Li isso e me lembrei dele.
Para Gabrig:
"Empunhando a faca-estrela de minha avó, eu imprimia pequenos cortes superficiais no caule do pinhão-roxo mais entroncado que logo pegava a chorar as lágrimas leitosas que eu aparava pacientemente, os pinguinhos e os pingões, na minha coité castanha. Nesse líquido embaciado, embebia uma das pontas do longo e verde canudo de mamoeiro, embicava-o bem para cima e soprava da outra extremidade. Ai então, sob o fundo das nuvens que viajavam risonhas, deflagrava-se o milagre! Da pequena gota turbada, hesitante, se balançando meio desequilibrada no oco do tubo vegetal, despencava-se a prodigiosa aparição: uma copiosa revoada de esferas de muitas cores misturadas de todos os tamanhos, bolinhas e bolonas, lépidas e viageiras, translúcidas e camaleônicas, a brincarem muito luminosas em cangapés de adeuses. Ah! Quem me dera agora mesmo me desatar da frágil condição de vivente para me desdobrar descarregado das amarguras e sem deixar rastros como elas...nascer repentinamente de um reles assopro na beirada de um canudo qualquer, também como elas, para vagar nestes ares vazios à mercê da mais imprevisível pancada de vento, lesando lá por cima como quem já não regula, à toa...à toa... e depois de assim exaurir ao léu todas as energias, não importa até onde nem quando, enfim implodir silenciosamente sem ser notado, ainda uma vez como elas...sem gritos de angústia nem gestos dramáticos, sem derramar sangue nem fezes ? e sobretudo, isso sim! ? sem padecer do ridículo no meio dos favores prestados a contragosto e dos cuidadinhos alheios que sabem a caridade.
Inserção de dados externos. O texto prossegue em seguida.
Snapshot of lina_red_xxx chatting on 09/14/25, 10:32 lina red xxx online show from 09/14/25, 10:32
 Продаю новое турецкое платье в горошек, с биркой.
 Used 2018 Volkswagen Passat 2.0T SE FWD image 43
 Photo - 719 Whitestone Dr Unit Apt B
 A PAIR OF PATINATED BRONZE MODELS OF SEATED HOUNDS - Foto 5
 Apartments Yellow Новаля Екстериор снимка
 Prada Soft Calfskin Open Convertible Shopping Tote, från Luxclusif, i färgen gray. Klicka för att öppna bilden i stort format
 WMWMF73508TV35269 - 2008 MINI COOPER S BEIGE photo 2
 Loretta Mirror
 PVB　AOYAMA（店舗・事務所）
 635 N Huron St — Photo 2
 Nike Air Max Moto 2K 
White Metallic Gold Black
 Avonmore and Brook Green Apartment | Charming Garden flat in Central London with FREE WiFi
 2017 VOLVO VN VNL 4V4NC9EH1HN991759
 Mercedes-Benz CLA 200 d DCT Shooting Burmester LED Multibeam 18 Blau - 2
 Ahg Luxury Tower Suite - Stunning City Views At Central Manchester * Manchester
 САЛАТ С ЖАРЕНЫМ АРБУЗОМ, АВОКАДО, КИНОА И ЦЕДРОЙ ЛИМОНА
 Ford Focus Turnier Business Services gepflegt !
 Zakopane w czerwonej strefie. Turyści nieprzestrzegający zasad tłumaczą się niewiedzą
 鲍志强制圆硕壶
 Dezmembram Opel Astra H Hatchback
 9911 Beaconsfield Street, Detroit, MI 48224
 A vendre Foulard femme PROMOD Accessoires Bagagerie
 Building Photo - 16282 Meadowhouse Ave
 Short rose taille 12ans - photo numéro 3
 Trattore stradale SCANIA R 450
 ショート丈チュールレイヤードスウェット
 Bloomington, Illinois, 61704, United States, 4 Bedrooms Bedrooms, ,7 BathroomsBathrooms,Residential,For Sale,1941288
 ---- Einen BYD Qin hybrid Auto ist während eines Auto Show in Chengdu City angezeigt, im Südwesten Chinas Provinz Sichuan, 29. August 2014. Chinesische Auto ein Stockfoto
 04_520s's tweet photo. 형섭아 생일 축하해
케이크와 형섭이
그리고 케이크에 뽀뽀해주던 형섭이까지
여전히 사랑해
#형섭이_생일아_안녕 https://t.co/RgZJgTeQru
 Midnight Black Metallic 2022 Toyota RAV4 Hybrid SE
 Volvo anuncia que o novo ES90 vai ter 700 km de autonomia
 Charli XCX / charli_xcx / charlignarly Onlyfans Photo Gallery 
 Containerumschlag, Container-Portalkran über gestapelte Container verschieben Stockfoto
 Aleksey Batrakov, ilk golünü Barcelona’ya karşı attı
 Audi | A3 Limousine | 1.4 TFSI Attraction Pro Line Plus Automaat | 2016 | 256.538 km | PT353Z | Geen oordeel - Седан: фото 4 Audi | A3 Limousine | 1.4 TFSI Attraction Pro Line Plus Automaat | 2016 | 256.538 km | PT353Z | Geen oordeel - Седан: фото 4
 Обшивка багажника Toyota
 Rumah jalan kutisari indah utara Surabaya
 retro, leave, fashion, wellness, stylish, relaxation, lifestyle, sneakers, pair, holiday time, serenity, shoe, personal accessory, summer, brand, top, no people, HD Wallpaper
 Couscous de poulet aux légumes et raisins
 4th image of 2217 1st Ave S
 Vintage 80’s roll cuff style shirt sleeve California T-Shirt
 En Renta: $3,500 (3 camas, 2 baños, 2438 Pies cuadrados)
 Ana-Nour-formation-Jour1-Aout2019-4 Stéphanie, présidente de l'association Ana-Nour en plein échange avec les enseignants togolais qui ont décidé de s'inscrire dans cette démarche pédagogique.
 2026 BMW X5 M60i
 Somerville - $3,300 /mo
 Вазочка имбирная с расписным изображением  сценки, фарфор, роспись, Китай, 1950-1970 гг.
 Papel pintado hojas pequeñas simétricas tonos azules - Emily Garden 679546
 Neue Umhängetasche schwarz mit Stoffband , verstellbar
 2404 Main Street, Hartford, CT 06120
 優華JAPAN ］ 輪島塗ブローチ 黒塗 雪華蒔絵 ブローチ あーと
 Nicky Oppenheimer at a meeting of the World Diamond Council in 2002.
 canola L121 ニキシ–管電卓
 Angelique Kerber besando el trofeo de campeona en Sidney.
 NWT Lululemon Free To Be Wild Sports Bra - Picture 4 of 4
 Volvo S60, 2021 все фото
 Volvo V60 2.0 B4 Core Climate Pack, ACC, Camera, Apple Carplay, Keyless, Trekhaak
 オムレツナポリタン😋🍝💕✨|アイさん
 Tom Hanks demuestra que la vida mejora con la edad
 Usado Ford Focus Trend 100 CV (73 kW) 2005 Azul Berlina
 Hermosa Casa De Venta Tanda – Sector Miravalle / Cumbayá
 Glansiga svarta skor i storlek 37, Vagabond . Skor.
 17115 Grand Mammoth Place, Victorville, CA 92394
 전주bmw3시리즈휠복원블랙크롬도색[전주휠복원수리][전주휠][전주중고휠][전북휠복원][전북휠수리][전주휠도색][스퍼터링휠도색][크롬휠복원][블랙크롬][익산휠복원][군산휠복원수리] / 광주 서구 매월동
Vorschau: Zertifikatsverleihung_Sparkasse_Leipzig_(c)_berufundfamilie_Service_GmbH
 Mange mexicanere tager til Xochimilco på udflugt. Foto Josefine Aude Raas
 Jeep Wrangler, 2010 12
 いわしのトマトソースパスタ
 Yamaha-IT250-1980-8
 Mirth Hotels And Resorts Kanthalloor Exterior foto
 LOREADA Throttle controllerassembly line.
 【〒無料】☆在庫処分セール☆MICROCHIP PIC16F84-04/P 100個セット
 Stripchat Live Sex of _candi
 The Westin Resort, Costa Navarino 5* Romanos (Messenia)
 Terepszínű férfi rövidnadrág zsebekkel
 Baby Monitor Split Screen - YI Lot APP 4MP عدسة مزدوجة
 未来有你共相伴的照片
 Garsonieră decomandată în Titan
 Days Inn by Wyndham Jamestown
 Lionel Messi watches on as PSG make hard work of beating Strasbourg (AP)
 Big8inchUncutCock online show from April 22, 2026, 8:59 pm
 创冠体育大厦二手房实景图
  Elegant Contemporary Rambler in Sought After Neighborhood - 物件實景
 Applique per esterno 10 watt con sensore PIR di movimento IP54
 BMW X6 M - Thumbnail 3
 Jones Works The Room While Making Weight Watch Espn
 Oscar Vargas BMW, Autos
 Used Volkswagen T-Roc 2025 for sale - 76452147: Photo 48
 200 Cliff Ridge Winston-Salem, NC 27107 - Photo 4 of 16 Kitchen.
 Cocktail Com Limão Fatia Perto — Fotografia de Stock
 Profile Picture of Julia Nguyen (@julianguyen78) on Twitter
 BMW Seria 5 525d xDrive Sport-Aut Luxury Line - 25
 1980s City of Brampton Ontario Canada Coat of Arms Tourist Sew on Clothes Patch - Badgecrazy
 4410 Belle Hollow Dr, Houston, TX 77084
Quem me dera me despojar desta condição de vivente sem nenhum alarde, assim como um estranho ente que de súbito, governado por artes e magias, se desencanta do modo mais silente, mesmo sem o sofrimento refreado e invisível que acabou com minha avó. Simplesmente desmanchar-me na inaparência dos redondos volumezinhos furta-cores que me encadeavam num arco-íris de luzes e desapareciam borboleteando na mais cristalina leveza, na mais transparente candura, no mais sigiloso anonimato, sovertidos num bosquejo de dulcíssimo frêmito insofrido."
De Francisco J. C. Dantas, em Coivara da Memória, página 33.
Um dia eu ainda aprendo a fazer metáforas e textos poéticos como ele.